Re: Mac OS X "packages" Best Practices?
From: Mike Conley <nomad_at_crystalmaker.com>
Date: 2006-03-02 19:09:12 CET
On 02.03.2006, at 09.56 (UTC-0800), Aaron Montgomery scribbled thusly:
>Correct, but in the Mac OS X file system, a bundle is a directory.
Sorry, no, that's not the way Mac OS X works. Bundles are integral to the way applications are packaged and store data now, and they are intended to be opaque to the user. The Finder maintains this illusion (although it also allows a means by which the user can see inside the bundle if he really wants to).
No current filesystem used by Mac OS X supports bundles as such; they are always directories (or folders). It's not up to the developer whether a bundle is treated as a directory or as a file; if a bundle is needed, it's needed.

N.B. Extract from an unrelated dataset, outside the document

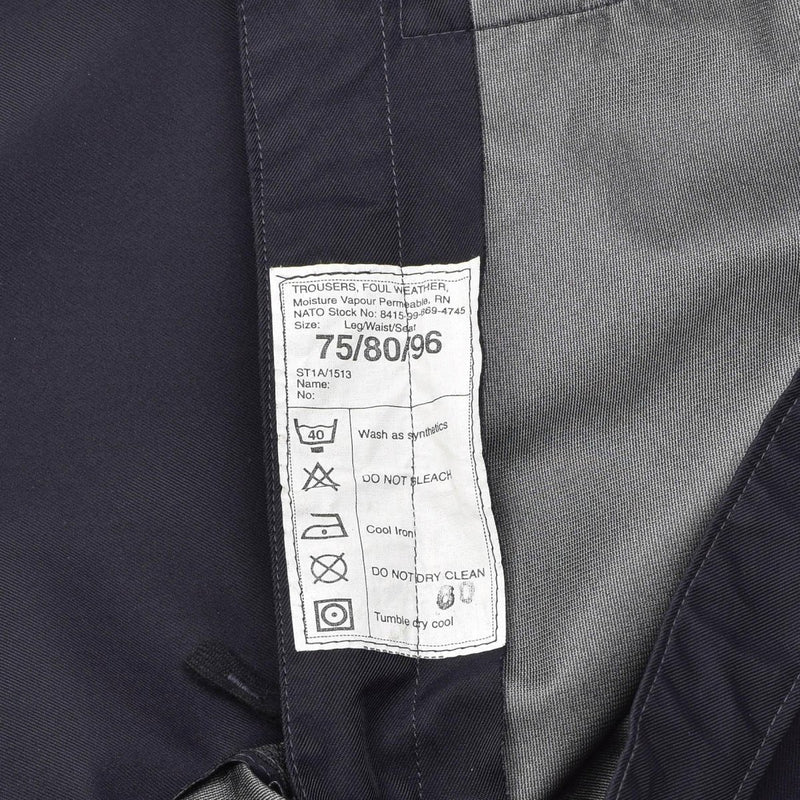 Care label inside genuine British police waterproof rain trousers for wet weather outdoor use in blue color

Again, it's up to the SCCS to deal with this, as it is a requirement for use on Mac OS X systems. And, as the commentary in case #707 points out, Mac OS X is not the only environment in which one might wish to have this capability. The fact that neither SVN nor, as I recall, CVS (except after some hacking by Apple) do this is extremely unfortunate, and is the primary reason I haven't put my Mac code under SVN yet, although XCode 1.2+ seems to have been modified to deal with SVN's hidden directory.
(This latter is a case in which it could be considered reasonable for the application to handle this, as XCode has integrated support for SVN and is a development tool.)